---
name: natural-language
description: "Tokenize, tag, and analyze natural language text using Apple's NaturalLanguage framework and translate between languages with the Translation framework. Use when adding language identification, sentiment analysis, named entity recognition, part-of-speech tagging, text embeddings, or in-app translation to iOS/macOS/visionOS apps."
---

# NaturalLanguage + Translation

Analyze natural language text for tokenization, part-of-speech tagging, named
entity recognition, sentiment analysis, language identification, and word/sentence
embeddings.
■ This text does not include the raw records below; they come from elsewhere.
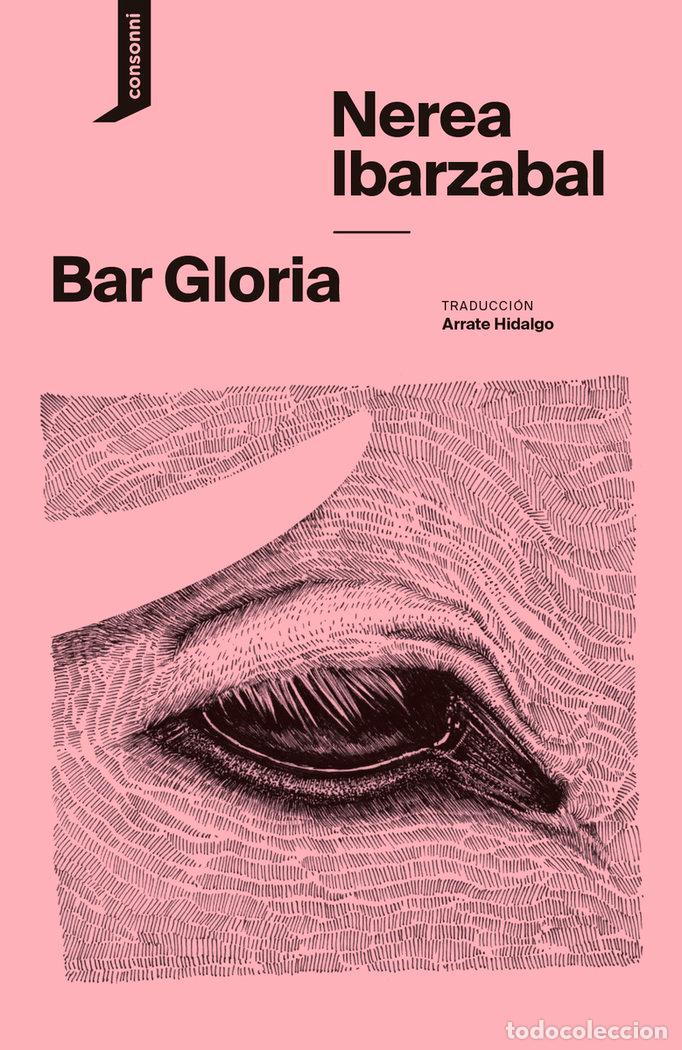 Libri: BAR GLORIA - IBARZABAL, NEREA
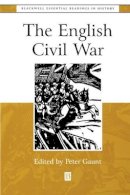 Peter Gaunt - The English Civil War: The Essential Readings - 9780631208099 - V9780631208099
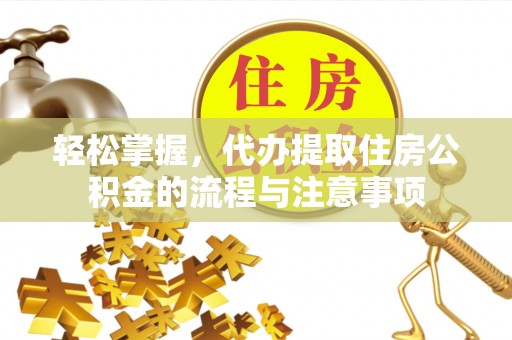 平远轻松掌握，代办提取住房公积金的流程与注意事项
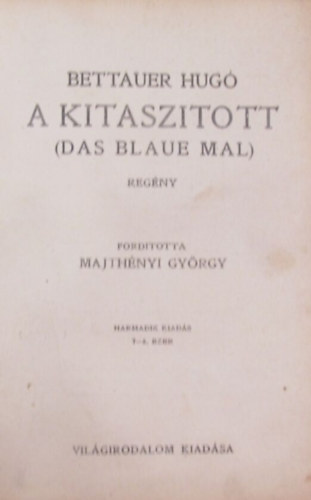Bettauer Hug� - A kitasz�tott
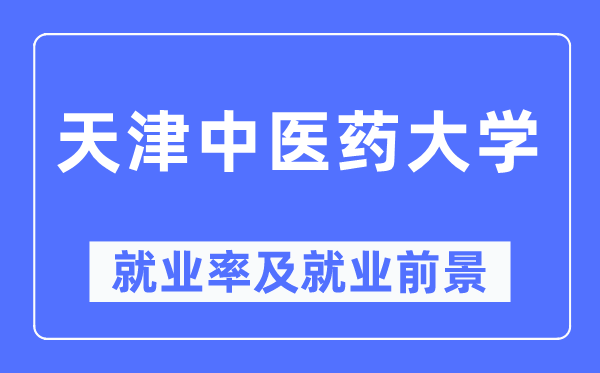 天津西医药大学失业率及失业远景怎样样,好失业吗？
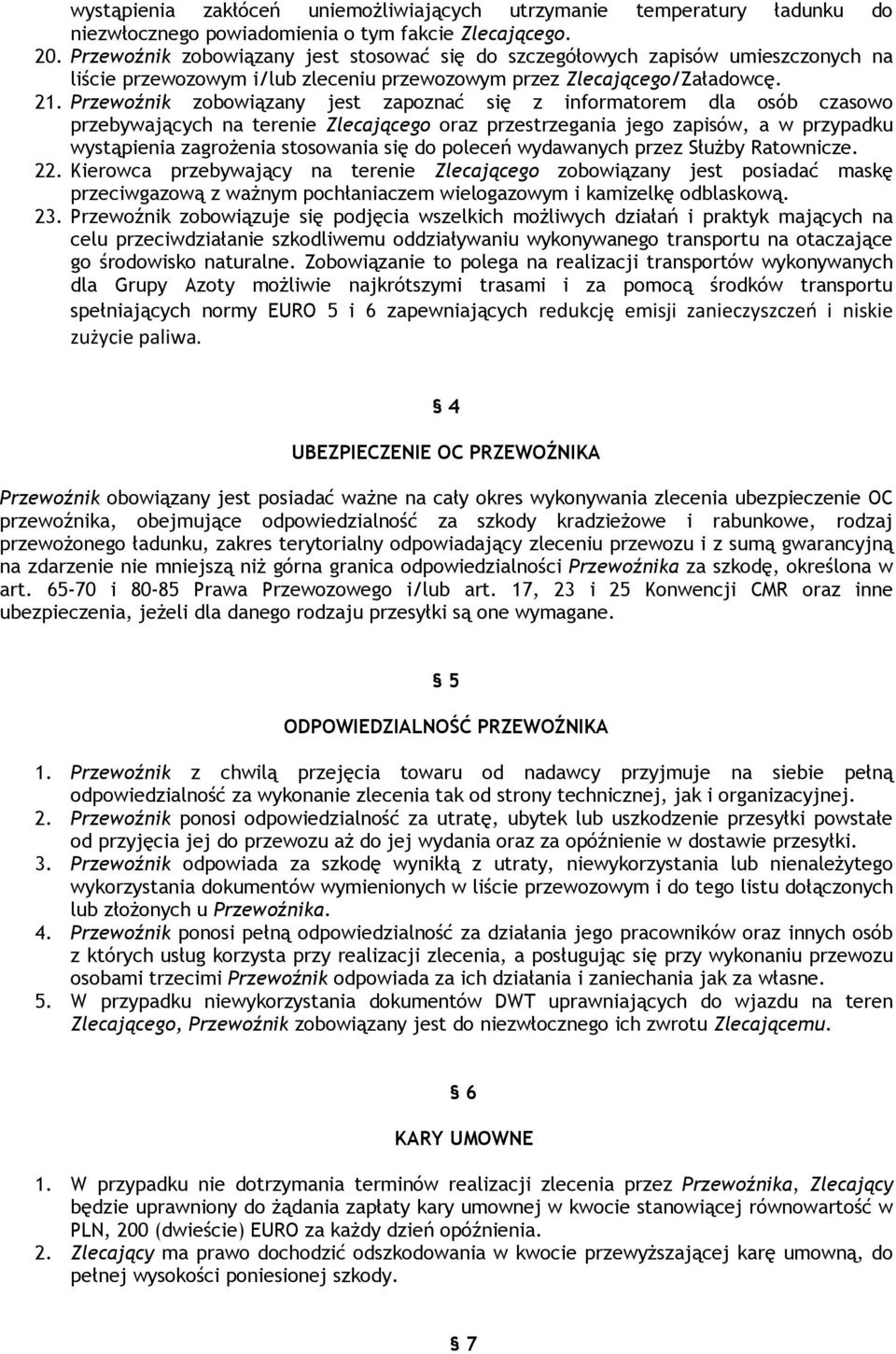 Przewoźnik zobowiązany jest zapoznać się z informatorem dla osób czasowo przebywających na terenie Zlecającego oraz przestrzegania jego zapisów, a w przypadku wystąpienia zagrożenia stosowania się do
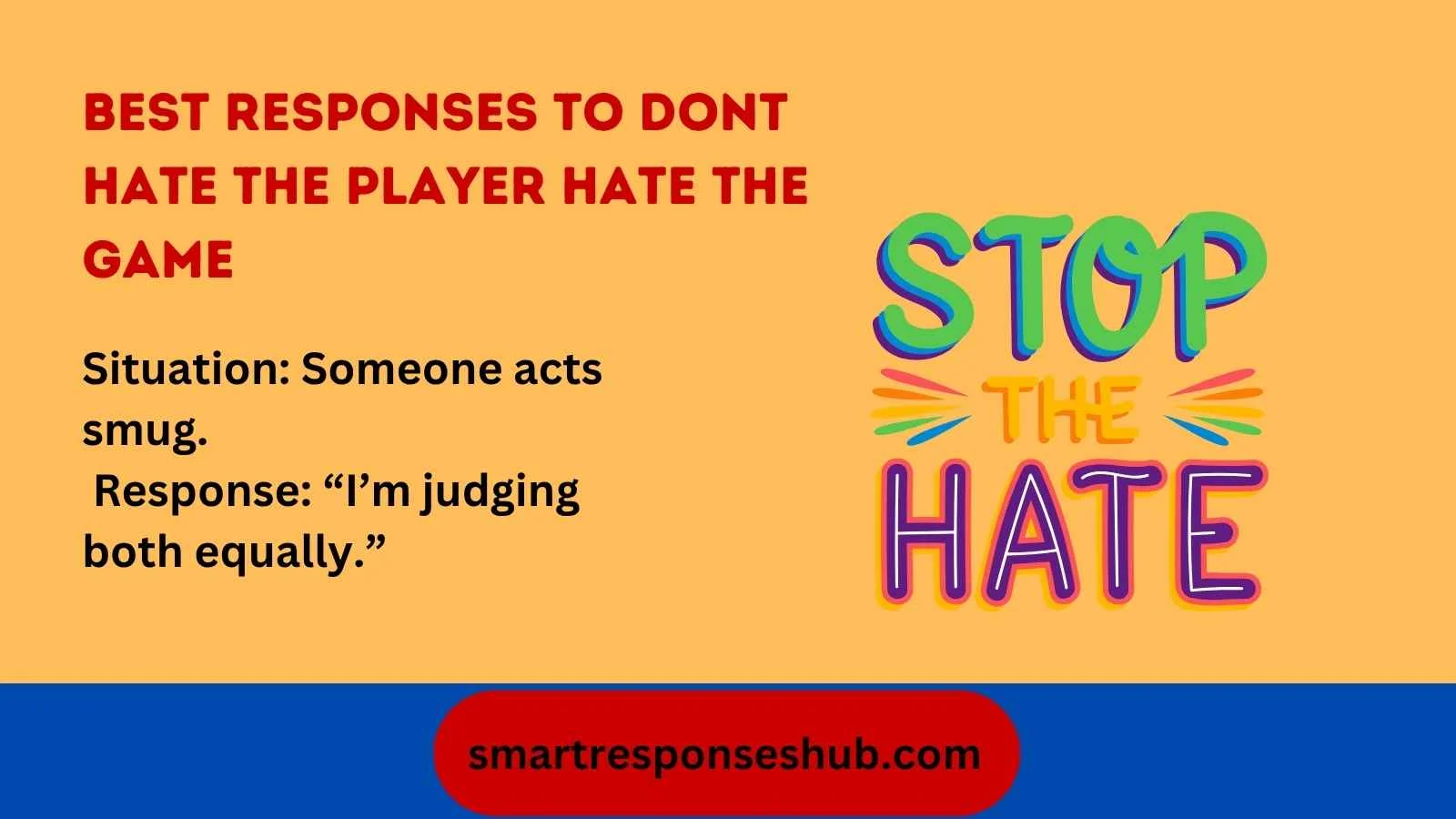 Best Responses To Dont Hate The Player Hate The Game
Translate text between languages with the Translation framework.
Targets Swift 6.2 / iOS 26+.

> This skill covers two related frameworks: **NaturalLanguage** (`NLTokenizer`, `NLTagger`, `NLEmbedding`) for on-device text analysis, and **Translation** (`TranslationSession`, `LanguageAvailability`) for language translation.

## Contents

- [Setup](#setup)
- [Tokenization](#tokenization)
- [Language Identification](#language-identification)
- [Part-of-Speech Tagging](#part-of-speech-tagging)
- [Named Entity Recognition](#named-entity-recognition)
- [Sentiment Analysis](#sentiment-analysis)
- [Text Embeddings](#text-embeddings)
- [Translation](#translation)
- [Common Mistakes](#common-mistakes)
- [Review Checklist](#review-checklist)
- [References](#references)

## Setup

Import `NaturalLanguage` for text analysis and `Translation` for language
translation. No special entitlements or capabilities are required for
NaturalLanguage. Translation requires iOS 17.4+ / macOS 14.4+.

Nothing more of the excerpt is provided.